Five years ago Kylie Jenner was still in high school. Her media empire extended about as far as occasional appearances on Keeping Up with the Kardashians and her Tumblr account, Kalifornia Klasss, where she posted Roy Lichtenstein artworks and photos of lions.

Today, the financial magazine Forbes estimates that she is worth $900m, making her not just the richest member of the Kardashian-Jenner clan (Kim Kardashian West is believed to be worth around $350m), but on course to become the youngest self-made billionaire ever. Mark Zuckerberg, the current record holder, was worth $1bn at the age of 23.

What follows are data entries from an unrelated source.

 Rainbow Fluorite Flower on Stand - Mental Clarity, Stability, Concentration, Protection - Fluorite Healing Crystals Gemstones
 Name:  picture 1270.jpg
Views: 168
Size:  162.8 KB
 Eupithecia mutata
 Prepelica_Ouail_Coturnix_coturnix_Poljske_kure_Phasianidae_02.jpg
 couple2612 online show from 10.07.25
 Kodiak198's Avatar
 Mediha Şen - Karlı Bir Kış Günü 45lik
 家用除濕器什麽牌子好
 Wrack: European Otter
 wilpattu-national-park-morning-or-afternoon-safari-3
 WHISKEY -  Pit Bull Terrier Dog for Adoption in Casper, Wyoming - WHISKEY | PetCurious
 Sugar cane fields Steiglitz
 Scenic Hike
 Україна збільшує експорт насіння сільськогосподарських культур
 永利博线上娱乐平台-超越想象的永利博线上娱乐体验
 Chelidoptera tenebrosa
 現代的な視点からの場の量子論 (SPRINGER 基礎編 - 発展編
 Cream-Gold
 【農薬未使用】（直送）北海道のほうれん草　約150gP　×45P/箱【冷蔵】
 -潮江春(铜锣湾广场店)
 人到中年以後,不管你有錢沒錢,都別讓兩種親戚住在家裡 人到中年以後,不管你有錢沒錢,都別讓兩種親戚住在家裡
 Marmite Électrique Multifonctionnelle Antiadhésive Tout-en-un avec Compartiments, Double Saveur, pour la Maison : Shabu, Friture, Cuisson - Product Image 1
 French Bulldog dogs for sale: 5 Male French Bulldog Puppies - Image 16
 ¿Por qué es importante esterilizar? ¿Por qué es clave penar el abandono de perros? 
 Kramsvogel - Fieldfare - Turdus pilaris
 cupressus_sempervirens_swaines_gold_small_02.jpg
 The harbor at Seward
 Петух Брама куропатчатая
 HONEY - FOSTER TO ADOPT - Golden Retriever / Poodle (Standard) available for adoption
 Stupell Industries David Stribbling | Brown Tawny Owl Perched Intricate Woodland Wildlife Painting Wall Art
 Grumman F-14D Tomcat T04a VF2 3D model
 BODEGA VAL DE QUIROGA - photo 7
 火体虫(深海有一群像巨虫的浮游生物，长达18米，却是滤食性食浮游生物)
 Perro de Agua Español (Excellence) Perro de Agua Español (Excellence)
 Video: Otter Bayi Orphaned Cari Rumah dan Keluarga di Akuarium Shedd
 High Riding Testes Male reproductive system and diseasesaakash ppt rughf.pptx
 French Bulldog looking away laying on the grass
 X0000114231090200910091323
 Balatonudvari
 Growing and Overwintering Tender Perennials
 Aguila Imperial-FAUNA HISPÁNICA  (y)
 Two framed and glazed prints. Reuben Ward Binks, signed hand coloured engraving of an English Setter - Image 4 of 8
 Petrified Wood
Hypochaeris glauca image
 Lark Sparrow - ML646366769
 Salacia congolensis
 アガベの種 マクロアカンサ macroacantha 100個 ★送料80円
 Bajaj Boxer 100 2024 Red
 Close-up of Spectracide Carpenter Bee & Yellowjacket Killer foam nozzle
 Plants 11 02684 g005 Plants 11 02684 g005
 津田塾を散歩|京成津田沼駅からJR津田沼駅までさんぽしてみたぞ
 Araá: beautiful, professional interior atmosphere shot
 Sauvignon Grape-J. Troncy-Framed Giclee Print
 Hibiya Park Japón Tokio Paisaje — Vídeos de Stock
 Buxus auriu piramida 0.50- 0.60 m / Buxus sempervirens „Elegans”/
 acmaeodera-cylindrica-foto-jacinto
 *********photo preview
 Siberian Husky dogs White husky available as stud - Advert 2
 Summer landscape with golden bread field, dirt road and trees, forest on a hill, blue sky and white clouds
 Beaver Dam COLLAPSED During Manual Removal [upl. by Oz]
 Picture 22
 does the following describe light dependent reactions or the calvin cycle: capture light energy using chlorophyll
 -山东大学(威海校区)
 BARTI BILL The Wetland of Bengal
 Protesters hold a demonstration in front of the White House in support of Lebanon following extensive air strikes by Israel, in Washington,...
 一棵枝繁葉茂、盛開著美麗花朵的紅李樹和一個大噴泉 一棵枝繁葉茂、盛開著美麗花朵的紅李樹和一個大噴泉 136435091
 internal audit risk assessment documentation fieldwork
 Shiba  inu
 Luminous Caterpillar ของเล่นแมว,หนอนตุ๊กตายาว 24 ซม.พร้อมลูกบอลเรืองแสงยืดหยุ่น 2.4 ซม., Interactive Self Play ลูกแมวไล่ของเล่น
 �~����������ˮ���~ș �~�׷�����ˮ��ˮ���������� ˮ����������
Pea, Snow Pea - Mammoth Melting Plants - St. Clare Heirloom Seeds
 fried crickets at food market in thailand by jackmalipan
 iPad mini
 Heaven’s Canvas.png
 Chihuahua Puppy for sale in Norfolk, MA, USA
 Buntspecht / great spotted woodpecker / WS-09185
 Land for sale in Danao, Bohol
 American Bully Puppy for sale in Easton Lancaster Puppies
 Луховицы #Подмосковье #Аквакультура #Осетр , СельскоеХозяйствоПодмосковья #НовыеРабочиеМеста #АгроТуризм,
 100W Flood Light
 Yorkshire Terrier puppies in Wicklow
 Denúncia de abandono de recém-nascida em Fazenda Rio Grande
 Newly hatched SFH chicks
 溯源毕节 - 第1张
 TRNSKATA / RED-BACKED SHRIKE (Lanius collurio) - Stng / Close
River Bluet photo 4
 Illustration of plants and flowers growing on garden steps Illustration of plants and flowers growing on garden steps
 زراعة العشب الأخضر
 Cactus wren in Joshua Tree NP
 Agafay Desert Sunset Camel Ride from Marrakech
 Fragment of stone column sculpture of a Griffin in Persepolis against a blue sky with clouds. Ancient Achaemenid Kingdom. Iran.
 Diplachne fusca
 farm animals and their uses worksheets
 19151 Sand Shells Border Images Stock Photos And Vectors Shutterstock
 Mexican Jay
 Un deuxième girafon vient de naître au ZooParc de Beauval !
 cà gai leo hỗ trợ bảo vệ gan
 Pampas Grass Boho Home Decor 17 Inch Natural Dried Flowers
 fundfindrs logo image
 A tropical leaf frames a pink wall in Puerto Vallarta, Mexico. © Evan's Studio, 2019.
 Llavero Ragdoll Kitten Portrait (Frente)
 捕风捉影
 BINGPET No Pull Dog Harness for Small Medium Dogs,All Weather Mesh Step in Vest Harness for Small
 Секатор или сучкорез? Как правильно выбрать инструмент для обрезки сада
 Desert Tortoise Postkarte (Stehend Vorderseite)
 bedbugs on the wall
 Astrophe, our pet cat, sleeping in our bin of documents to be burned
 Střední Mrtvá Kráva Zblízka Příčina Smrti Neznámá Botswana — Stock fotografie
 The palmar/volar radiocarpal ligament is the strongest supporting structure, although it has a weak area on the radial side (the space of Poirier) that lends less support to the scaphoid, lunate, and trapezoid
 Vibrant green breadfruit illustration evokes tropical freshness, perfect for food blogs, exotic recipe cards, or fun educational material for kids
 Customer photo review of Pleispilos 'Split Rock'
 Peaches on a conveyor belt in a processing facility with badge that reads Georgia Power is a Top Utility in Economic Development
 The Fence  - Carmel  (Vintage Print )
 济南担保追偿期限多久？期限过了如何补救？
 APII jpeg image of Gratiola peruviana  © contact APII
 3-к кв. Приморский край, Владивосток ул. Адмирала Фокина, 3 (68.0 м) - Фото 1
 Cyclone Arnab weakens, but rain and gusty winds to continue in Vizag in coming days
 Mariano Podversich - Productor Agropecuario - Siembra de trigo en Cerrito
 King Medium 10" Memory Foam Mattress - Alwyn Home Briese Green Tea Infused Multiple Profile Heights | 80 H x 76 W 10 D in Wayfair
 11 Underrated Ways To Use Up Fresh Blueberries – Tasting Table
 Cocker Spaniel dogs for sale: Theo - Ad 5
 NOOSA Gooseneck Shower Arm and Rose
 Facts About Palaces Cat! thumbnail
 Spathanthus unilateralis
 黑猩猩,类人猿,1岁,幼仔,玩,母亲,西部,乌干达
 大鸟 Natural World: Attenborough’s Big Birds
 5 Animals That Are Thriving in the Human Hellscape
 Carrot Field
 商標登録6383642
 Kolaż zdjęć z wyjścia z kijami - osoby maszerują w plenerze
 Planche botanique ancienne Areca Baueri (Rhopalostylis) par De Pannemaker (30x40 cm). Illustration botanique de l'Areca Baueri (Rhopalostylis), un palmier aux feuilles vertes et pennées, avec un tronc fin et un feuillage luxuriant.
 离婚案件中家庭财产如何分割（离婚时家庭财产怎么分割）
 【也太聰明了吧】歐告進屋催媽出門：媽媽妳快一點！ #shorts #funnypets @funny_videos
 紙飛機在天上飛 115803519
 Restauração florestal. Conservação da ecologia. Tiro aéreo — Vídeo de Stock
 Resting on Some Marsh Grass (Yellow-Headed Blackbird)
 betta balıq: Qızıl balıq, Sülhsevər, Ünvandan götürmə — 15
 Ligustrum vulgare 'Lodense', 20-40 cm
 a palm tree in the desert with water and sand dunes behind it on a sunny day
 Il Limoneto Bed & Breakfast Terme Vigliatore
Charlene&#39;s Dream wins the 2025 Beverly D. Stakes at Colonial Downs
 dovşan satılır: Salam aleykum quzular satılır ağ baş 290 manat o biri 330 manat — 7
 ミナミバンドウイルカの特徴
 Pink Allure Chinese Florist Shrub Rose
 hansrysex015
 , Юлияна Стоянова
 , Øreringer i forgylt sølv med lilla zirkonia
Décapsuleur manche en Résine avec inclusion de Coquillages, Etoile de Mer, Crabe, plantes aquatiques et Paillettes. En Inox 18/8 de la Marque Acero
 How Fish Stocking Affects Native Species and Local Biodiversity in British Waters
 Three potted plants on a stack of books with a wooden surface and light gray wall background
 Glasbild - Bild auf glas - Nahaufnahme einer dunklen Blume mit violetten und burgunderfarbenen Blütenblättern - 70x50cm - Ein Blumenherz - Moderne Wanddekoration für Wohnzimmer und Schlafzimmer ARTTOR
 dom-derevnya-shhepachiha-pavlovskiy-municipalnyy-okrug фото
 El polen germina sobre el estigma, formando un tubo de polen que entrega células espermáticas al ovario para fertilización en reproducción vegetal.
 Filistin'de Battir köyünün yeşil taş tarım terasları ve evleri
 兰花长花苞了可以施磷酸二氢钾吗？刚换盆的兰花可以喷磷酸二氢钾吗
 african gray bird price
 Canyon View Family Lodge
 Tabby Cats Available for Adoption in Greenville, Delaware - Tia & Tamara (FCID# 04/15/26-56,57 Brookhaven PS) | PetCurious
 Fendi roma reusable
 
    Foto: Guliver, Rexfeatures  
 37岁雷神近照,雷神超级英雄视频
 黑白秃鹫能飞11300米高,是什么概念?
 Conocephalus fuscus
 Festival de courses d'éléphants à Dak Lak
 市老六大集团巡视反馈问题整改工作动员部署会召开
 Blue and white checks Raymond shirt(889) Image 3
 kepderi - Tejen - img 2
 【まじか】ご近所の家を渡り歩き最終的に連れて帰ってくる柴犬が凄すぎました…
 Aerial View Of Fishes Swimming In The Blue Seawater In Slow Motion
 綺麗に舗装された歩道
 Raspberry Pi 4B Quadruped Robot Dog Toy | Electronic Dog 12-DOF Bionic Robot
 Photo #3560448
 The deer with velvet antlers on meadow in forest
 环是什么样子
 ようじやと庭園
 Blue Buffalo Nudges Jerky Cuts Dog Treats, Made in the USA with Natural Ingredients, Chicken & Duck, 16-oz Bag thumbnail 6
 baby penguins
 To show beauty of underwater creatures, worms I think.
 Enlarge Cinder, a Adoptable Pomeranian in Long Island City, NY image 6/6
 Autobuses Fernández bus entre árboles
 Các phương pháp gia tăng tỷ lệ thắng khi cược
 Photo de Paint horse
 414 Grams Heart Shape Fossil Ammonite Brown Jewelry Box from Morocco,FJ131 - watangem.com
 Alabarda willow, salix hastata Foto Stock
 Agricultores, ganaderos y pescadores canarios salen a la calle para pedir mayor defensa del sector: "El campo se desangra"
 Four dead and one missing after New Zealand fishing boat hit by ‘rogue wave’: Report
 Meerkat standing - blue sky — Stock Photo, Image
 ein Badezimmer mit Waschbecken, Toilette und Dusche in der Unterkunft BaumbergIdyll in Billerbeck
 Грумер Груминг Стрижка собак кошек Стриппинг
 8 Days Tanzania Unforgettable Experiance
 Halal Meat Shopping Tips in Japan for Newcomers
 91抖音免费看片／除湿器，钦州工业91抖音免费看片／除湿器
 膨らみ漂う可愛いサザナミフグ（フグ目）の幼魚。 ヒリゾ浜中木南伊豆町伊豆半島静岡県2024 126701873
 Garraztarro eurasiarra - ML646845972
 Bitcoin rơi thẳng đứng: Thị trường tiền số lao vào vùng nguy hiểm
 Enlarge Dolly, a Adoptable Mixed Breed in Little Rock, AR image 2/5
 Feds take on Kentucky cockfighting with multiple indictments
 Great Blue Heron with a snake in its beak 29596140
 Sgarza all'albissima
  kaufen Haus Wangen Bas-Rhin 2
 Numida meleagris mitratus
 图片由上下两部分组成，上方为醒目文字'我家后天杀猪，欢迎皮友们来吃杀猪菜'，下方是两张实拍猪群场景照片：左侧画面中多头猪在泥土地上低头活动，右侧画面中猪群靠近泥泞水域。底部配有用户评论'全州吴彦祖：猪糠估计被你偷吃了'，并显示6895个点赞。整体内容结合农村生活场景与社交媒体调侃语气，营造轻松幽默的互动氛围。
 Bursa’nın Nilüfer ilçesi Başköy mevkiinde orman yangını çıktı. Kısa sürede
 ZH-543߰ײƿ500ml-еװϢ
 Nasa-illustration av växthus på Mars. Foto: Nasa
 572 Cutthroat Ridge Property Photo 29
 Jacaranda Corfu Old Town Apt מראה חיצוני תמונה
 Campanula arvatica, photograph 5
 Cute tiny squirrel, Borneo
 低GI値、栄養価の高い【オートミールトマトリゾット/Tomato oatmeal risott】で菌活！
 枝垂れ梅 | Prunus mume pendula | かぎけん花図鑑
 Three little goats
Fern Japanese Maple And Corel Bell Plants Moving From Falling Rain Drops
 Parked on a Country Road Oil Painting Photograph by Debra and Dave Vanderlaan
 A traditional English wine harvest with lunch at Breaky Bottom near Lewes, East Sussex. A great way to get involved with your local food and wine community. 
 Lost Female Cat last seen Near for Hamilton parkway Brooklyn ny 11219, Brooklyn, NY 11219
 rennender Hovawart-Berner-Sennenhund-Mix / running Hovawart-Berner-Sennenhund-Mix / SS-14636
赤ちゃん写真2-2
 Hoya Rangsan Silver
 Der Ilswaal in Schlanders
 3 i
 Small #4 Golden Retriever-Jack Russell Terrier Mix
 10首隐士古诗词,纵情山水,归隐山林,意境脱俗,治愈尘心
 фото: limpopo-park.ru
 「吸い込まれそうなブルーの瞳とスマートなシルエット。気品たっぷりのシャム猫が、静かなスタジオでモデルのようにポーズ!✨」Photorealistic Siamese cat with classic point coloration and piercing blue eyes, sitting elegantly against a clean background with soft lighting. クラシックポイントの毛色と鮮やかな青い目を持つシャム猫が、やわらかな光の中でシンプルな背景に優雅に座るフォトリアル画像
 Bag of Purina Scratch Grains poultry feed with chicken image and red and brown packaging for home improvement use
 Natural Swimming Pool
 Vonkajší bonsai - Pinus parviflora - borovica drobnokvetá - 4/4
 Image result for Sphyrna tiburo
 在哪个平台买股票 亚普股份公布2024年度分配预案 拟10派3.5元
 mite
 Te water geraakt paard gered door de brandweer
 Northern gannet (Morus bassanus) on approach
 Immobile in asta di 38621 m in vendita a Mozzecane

“Self-made” is the term Forbes uses to differentiate from those who have inherited their wealth, but many would debate whether it applies to Jenner, whose celebrity is entirely a product of being born into the first family of American reality TV.

A comparatively small part of Jenner’s fortune, around $100m, comes from endorsement deals with Puma, PacSun clothing, diet teas and other slimming products as well as her appearances on two reality shows: Keeping Up with the Kardashians and her spin-off series Life of Kylie. The remaining $800m is the value of Kylie Cosmetics, the beauty company Jenner launched two years ago and owns outright.

Having made headlines as a teenager for using lip implants, Kylie Cosmetics’ first product was a “lip kit”, which combined a lipstick and lip liner. Jenner told the Evening Standard the product “came from an insecurity and I turned it into something. I was insecure about my lips, and lipstick is what helped me feel confident.” When they first went on sale, the kits sold out in 30 seconds.

Since then, the company has sold $630m of makeup, helped in a large part by Jenner’s own social media presence. She regularly posts information and photos about new product lines for her 110 million Instagram followers. She has become so dominant on social media that when she tweeted that she had become bored with Snapchat, its parent company’s stock lost 6% of its value within a day, around $1.3bn.

The speed at which Jenner has been able to accumulate her wealth demonstrates the power of social media endorsements and the changing ways celebrities acquire wealth. Rihanna, for example, has seen her net worth soar since she launched her own beauty range, Fenty Beauty. She is almost certain to make more money from the line than she will from music or film projects.

Neither Jenner nor Rihanna has bought cosmetic factories – their production is outsourced to other companies that take instruction from the stars but handle most of the creation, marketing and distribution. It means that the stars’ continued success is entirely predicated or their ability to drive sales, and for Jenner that has already started to lessen – revenue was up 7% this year, a smaller rise than the year before. Revenues from the lip kits fell even more, by around 35%.